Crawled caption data
>>>

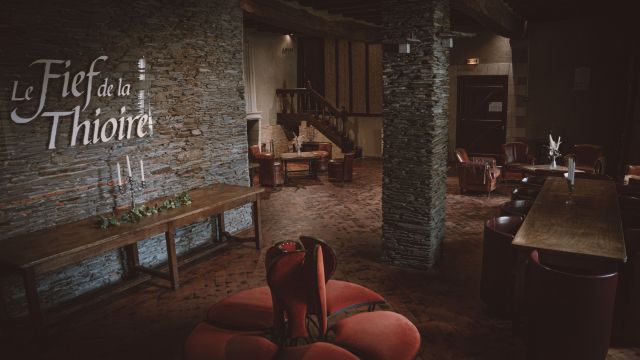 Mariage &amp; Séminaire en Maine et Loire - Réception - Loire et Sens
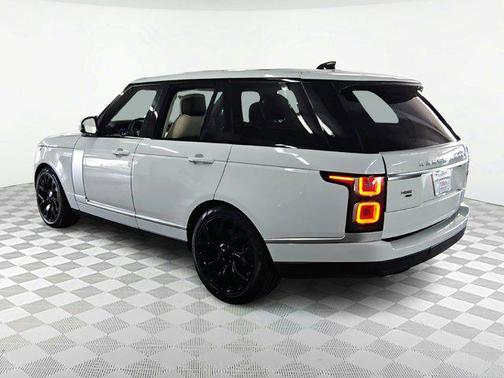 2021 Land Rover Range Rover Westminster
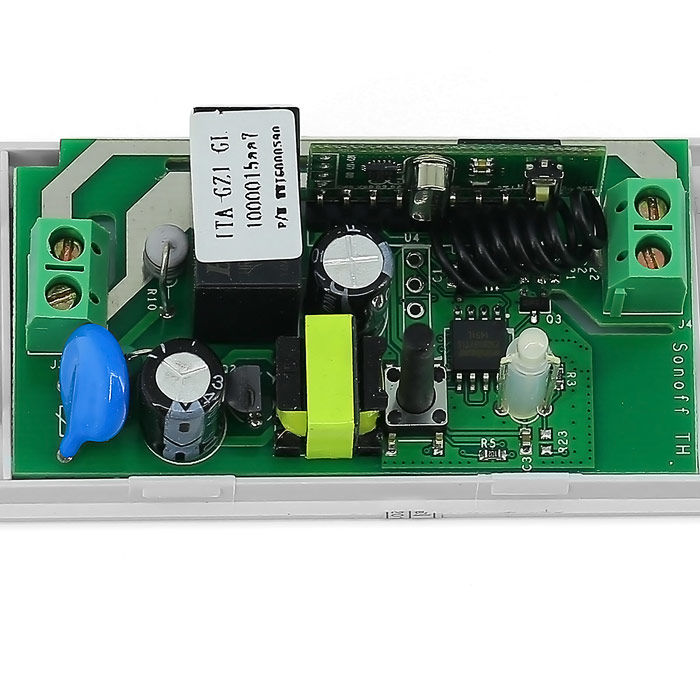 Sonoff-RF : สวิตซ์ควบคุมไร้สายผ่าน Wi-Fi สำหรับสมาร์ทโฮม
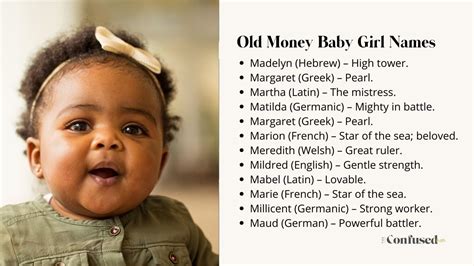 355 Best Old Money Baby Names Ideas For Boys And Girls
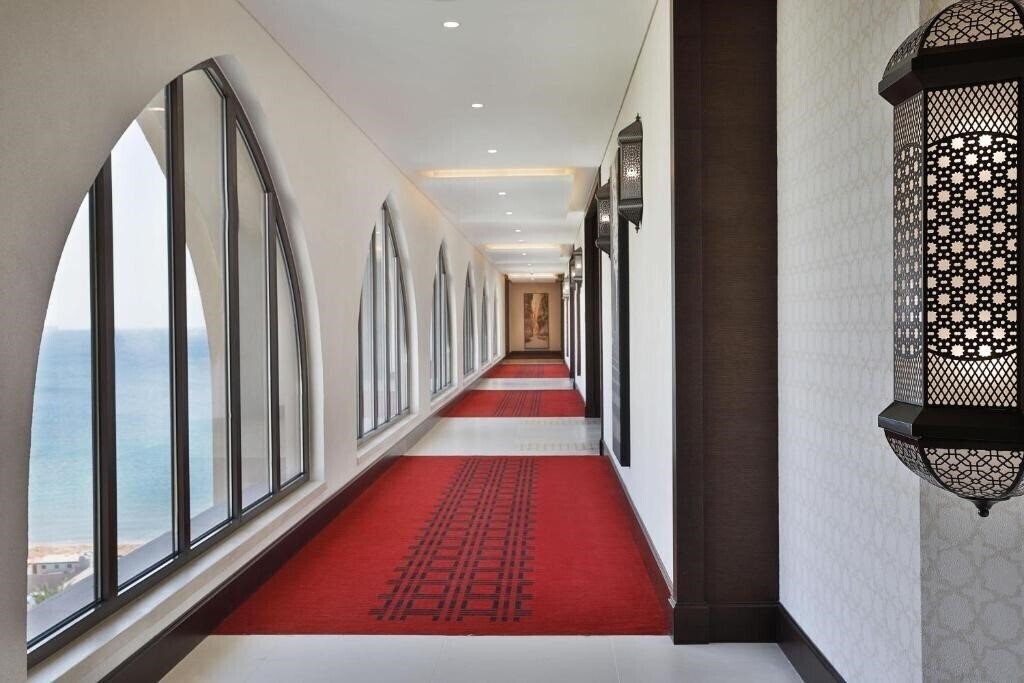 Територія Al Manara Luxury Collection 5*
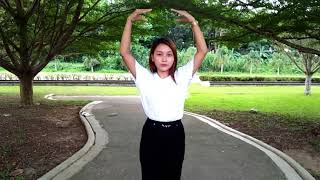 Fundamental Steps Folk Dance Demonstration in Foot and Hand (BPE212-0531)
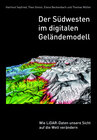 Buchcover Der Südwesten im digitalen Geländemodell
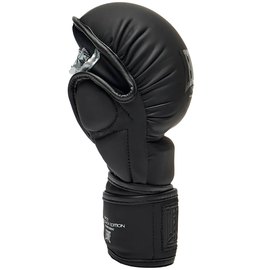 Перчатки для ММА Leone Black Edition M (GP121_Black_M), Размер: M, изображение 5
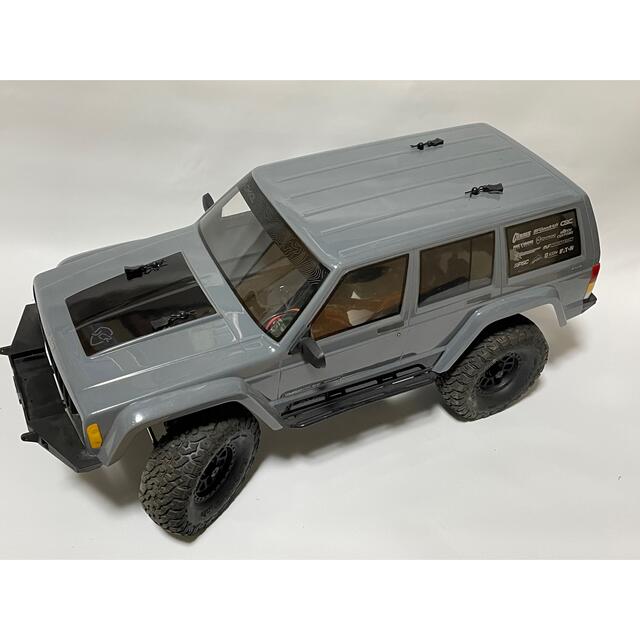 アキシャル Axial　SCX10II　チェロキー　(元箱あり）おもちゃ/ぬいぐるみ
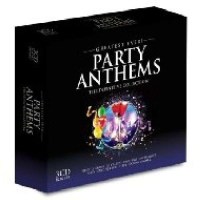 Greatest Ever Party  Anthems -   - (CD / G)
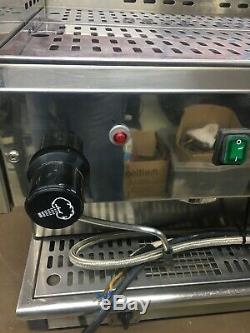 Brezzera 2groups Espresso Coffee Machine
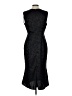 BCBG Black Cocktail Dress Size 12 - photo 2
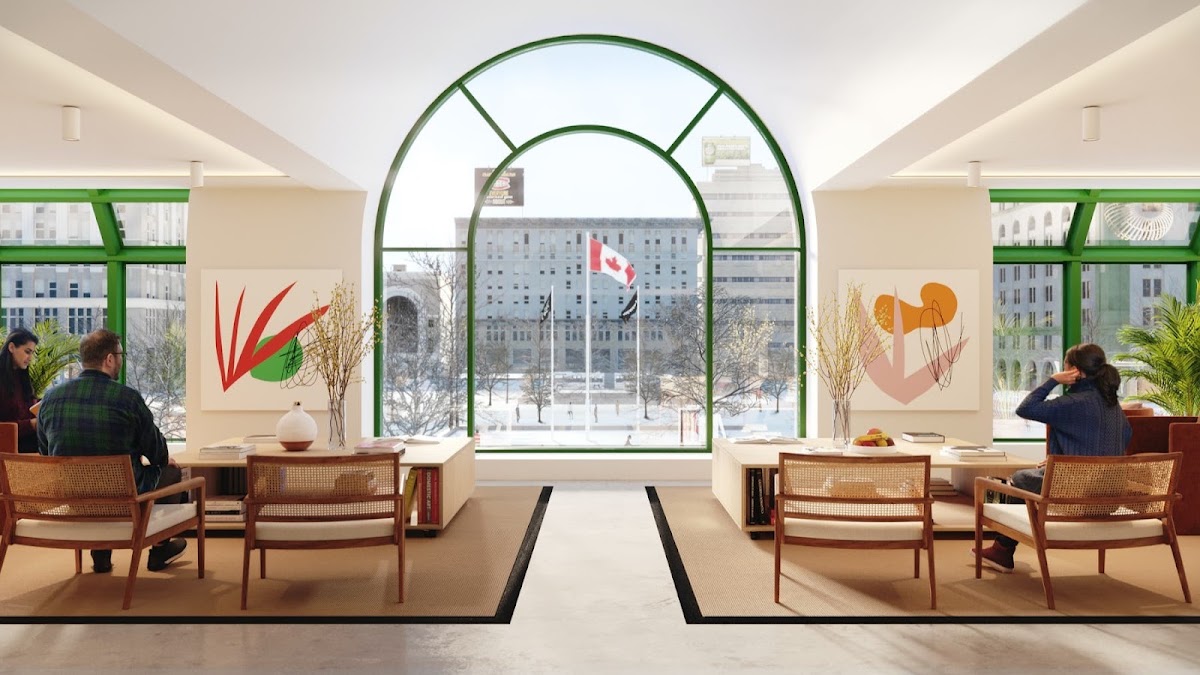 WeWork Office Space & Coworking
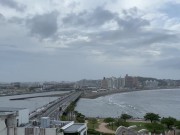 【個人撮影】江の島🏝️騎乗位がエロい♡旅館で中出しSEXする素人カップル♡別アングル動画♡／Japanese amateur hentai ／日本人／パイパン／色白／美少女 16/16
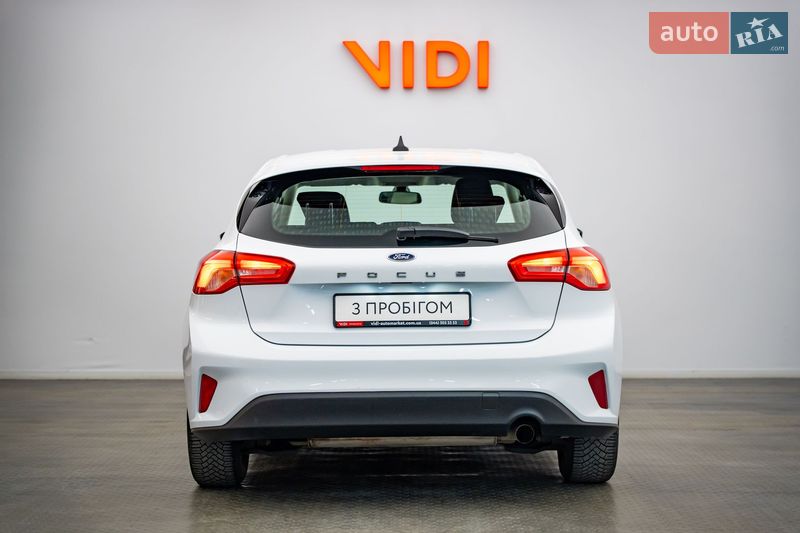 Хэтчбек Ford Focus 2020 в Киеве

<<<

● WHAT YOU HAVE TO DO: Pictures excluded, print only the lines from the one with "2021 Land Rover Range Rover Westminster" through the end of the entries above, exactly as written.

● RESPONSE TO THE TASK:
 2021 Land Rover Range Rover Westminster
 Sonoff-RF : สวิตซ์ควบคุมไร้สายผ่าน Wi-Fi สำหรับสมาร์ทโฮม
 355 Best Old Money Baby Names Ideas For Boys And Girls
 Територія Al Manara Luxury Collection 5*
 Fundamental Steps Folk Dance Demonstration in Foot and Hand (BPE212-0531)
 Buchcover Der Südwesten im digitalen Geländemodell
 Перчатки для ММА Leone Black Edition M (GP121_Black_M), Размер: M, изображение 5
 アキシャル Axial　SCX10II　チェロキー　(元箱あり）おもちゃ/ぬいぐるみ
 Greatest Ever Party  Anthems -   - (CD / G)
 Brezzera 2groups Espresso Coffee Machine
 BCBG Black Cocktail Dress Size 12 - photo 2
 WeWork Office Space & Coworking
 【個人撮影】江の島🏝️騎乗位がエロい♡旅館で中出しSEXする素人カップル♡別アングル動画♡／Japanese amateur hentai ／日本人／パイパン／色白／美少女 16/16
 Хэтчбек Ford Focus 2020 в Киеве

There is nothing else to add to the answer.